Not only are these products specifically designed for Nerf but your child might wear it more often it if looks cool, or is the brand name.
2. Avoid Headshots
Nerf Guns aren’t made for precision accuracy but simply not aiming for the head can help can save some tears. Besides the eyes, an ear, mouth, or nose shot can be quite painful if received just right.
In the heat of the battle, people will still occasionally catch one in the head, but this can reduce the likelihood.
3. Use Basic Gun Safety
To some it may sound silly, but using toys to teach children about gun safety is a great idea. Kids are going to be wild with toy guns and have every right to some fun, but a little safe guidance can’t hurt.

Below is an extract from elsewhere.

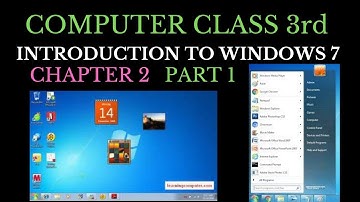 COMPUTER || CLASS 3 ||  CHAPTER 2 || INTRODUCTION TO WINDOWS 7 ||  PART 1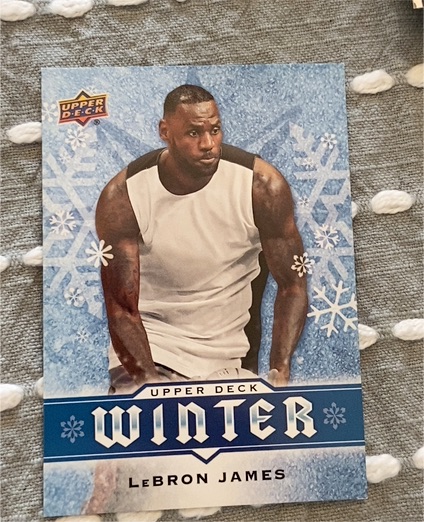 2017 Upper Deck Winter #W2 LeBron James — front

Here are some basic gun safety tips that can be taught to youth while even using toy guns:
- Treat a gun as if it always is loaded and ready to fire
- Never point a gun at anything you don’t want to shoot
- Keep your finger away from the trigger until you are ready to fire
- Be sure your gun is always pointed in a safe direction
- Know what is beyond your target and what you could unintentionally hit
4. Be Wary of Modified Nerf Guns
It is getting more and more popular to modify Nerf guns to enhance the performance of the toy. It is possible to do things like stretch internal springs, or take out safety parts that keep the blasters firing at the same speed.
Hasbro, the makers of Nerf, specifically warns against modifying their guns or the ammo. Tinkering with these toys can be a lot of fun for kids, but they might not fully understand the risks.
Modified, homemade, and 3D printed guns can be bought that can shoot 3x as hard as the average Nerf gun. These blasters are impressive and can be an excellent time for kids of an appropriate age. However, if Nerf doesn’t make it, it likely isn’t as well tested and as safe.
5. Don’t Shoot Animals With Nerf Guns
While these toy guns are tested to be safe for people, some animals might not be as resilient. Animals can act differently or lash out if shot, and like us could have their eyes damaged by the ammo.
Anyone that has been struck by a Nerf dart knows that you can feel them. While everyone has a different pain tolerance, I think it safe to say that Nerf guns can hurt.
Still, these toys have been enjoyed for more than 30 years and can be fun. How many families have had a fun moment with a spontaneous battle or by creating Nerf gun games of their own?
By following some basic safety guidelines and being aware of your surroundings, these activities can definitely be enjoyed safely.
As much as we hate it, following some basic rules and suggestions can prevent the little hurt caused by Nerf guns.